Automatic differentiation¶
Any expression can be differentiated with respect to its variables:
wave::RotationMd R = wave::RotationMd::Random();
wave::Translationd p1 = wave::Translationd::Random();
wave::Translationd p2 = R * p1;
Eigen::Matrix3d J_p2_wrt_R = (R * p1).jacobian(R);
Above, J_p2_wrt_R
is the 3x3 Jacobian of p2 = R * p1
with respect to small changes in R
. wave_geometry computes local Jacobians, which are independent of the choice of parametrization for R
(e.g., rotation matrix or quaternion), and are useful for on-manifold optimization.
It is possible (and more efficient) to combine evaluation and multiple Jacobian calculations:
auto [p2, J_p2_wrt_R, J_p2_wrt_p1] = (R * p1).evalWithJacobians(R, p1);
We can also get all Jacobians at once by providing no arguments:
auto [p2, J_p2_wrt_R, J_p2_wrt_p1] = (R * p1).evalWithJacobians();
Currently, the call .evalWithJacobians(R, p1)

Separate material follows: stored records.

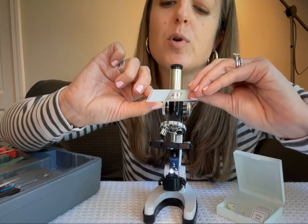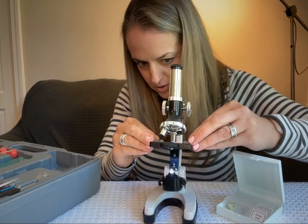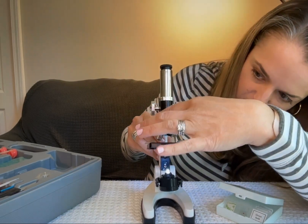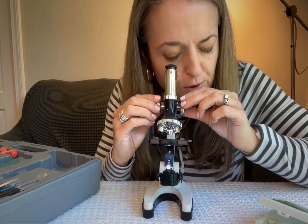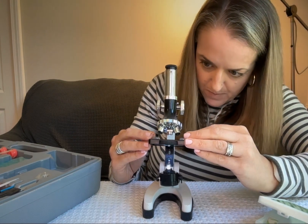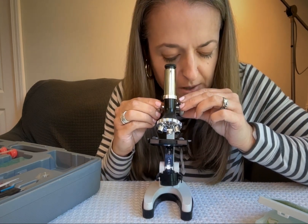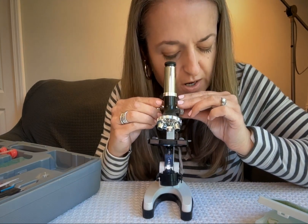I'm going to use a prepared slide — this one is the broad bean leaf. I'll set it in here; we've got little plastic arms just like you're used to seeing that are going to hold it in place. You can rotate to get different magnification levels. It's always good to start further back and then bring it into focus before you magnify it even more. The dials on the sides help you bring it into focus so you can see your very cool stuff.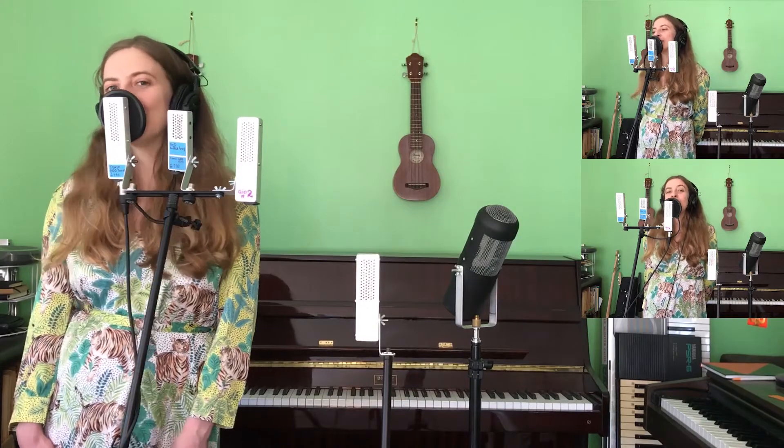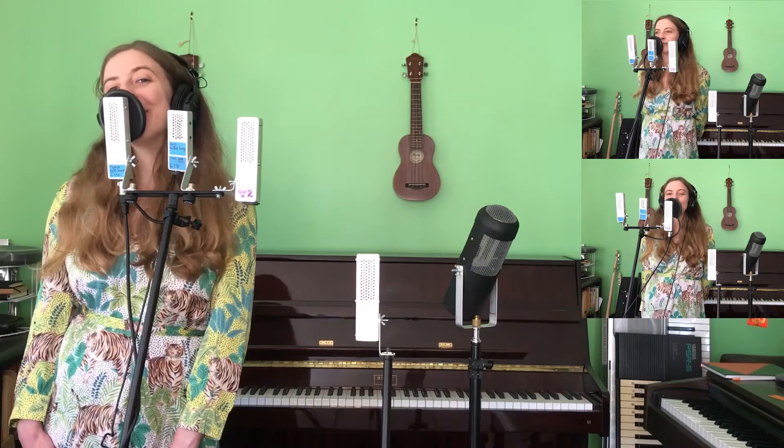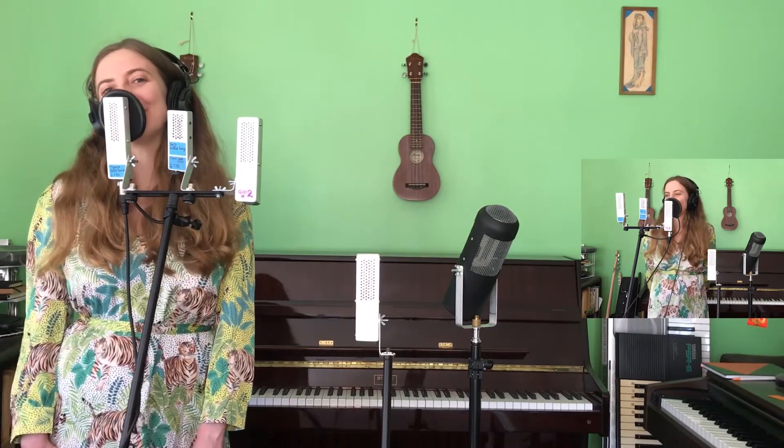Kookaburra sits in the old gum tree. Merry, merry, merry, your life must be.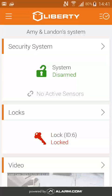In this video, I'm going to show you how to arm and disarm your security system from your Liberty Live app. On the home page, click on the security system tab.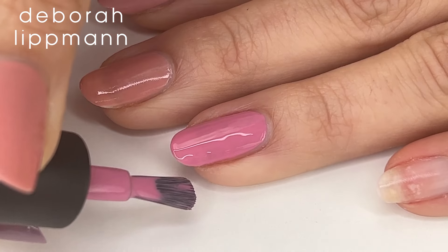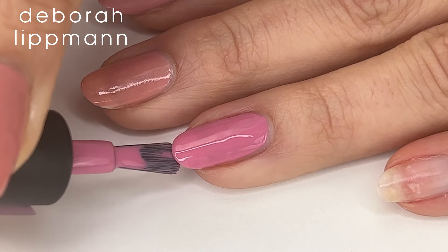Next up would be something that's really a game changer — and I'm sure you've heard this before — but capping the tip. Capping the tip is going to give you days longer wear. You take your brush and just barely run it around the very, very edge of the nail. The idea isn't for the polish to get underneath the nail; it is just to be on the very tip. You don't want it to flood on top of the nail either, but this gives you so much more wear.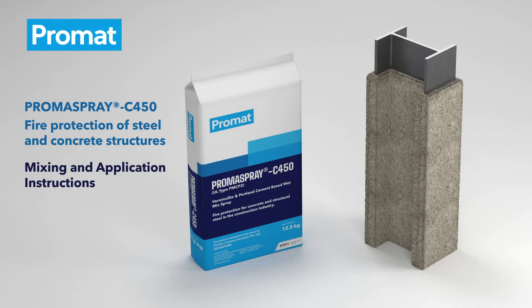Promaspray C450 — Fire Protection of Steel and Concrete Structures. Mixing and Application Instructions.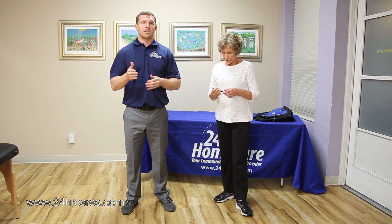For more exercise videos, please refer to our website, www.24hrcares.com.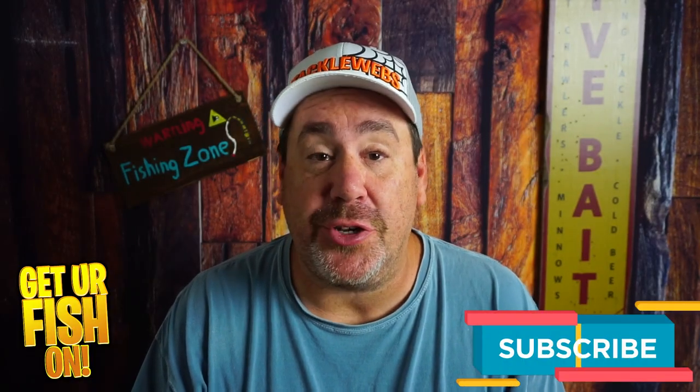Thanks for hitting that like and subscribe button. Make sure you comment below and tell me what you think. Remember, take a kid fishing, get your fish on. See y'all soon. Cheers.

uses forward-mode automatic differentiation while .evalWithJacobians()
uses reverse mode; however, future versions of wave_geometry may simply choose the fastest mode for the arguments given.
wave_geometry’s expression template-based autodiff algorithm produces efficient code which runs nearly as fast as (or in some cases, just as fast as) hand-optimized code for manually-derived derivatives.